Auf den ersten Blick folgen die USA dem traditionellerweise als Monismus bezeichneten System. Internationales Vertragsrecht ist somit grundsätzlich ­ und ohne zusätzlichen Transformationsschritt ­ auch Landesrecht (Art. VI(2) Constitution).

Das Völkergewohnheitsrecht und die allgemeinen Rechtsgrundsätze werden nicht ausdrücklich in der Verfassung erwähnt. Der englischen Tradition folgend, hat der Supreme Court Völkergewohnheitsrecht als «Law of the Land» bezeichnet; es wird ohne zusätzlichen Schritt inkorporiert, auch wenn die USA an die Entstehung von Völkergewohnheitsrecht oft sehr hohe Anforderungen stellen.

7.5.2

Anwendbarkeit

Die Umsetzung von Völkerrechtsverträgen wird in den USA entscheidend durch das Kriterium der direkten Anwendbarkeit eingeschränkt. Es sind nicht in erster Linie rechtliche und inhaltliche Massgaben ­ wie insbesondere die hinreichende Bestimmtheit ­ welche den Entscheid über die direkte Anwendbarkeit leiten. Vielmehr wird hier vor allem nach politischen Gesichtspunkten entschieden, und im Falle von Menschenrechtsverträgen erklären die USA bei der Ratifikation seit Längerem, dass sämtliche materiellen Bestimmungen als nicht direkt anwendbar betrachtet würden und somit zuerst ins nationale Recht umgesetzt werden müssten.

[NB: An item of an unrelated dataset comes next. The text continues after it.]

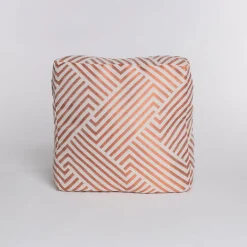 Cojín de suelo DEYO terracota 40x40cm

Mit diesem Umsetzungserfordernis wird ein zusätzlicher Schritt eingebaut, der das Eindringen von Völkerrecht ins nationale Recht erheblich verzögern kann. Im Ergebnis führt das dazu, dass faktisch eine Transformation notwendig ist, bevor Völkervertragsrecht von amerikanischen Gerichten angewandt werden kann, obwohl die USA nominell dem Adoptions- und nicht dem Transformationsmodell folgen.

Völkergewohnheitsrecht wird direkt angewandt, wenn es «self executing», das heisst genügend bestimmt ist, um von den Gerichten umgesetzt zu werden. Da eine Norm nur dann als Gewohnheitsrecht anerkannt wird, wenn eine Übung besteht, und eine Übung ein präzise fassbares Verhalten bedingt, dürfte der Self-executing-Charakter stets gegeben sein.

7.5.3

Rang

Die Selbstbezogenheit der amerikanischen Rechtsordnung führt dazu, dass die Verfassung als oberstes Normensystem in keiner Weise durch internationales Recht ergänzt, verändert oder eingeschränkt werden kann. In Bezug auf das Verhältnis von Bundesgesetzen und völkerrechtlichen Verträgen ist keine Rangordnung festge2296

schrieben. Gemäss ständiger Rechtsprechung geniesst die spätere Norm indes grundsätzlich Vorrang; ein völkerrechtswidriges Gesetz kann also gültig verabschiedet und angewendet werden. Hingegen gehen völkerrechtliche Verträge dem «Common Law» und dem Recht der Gliedstaaten vor.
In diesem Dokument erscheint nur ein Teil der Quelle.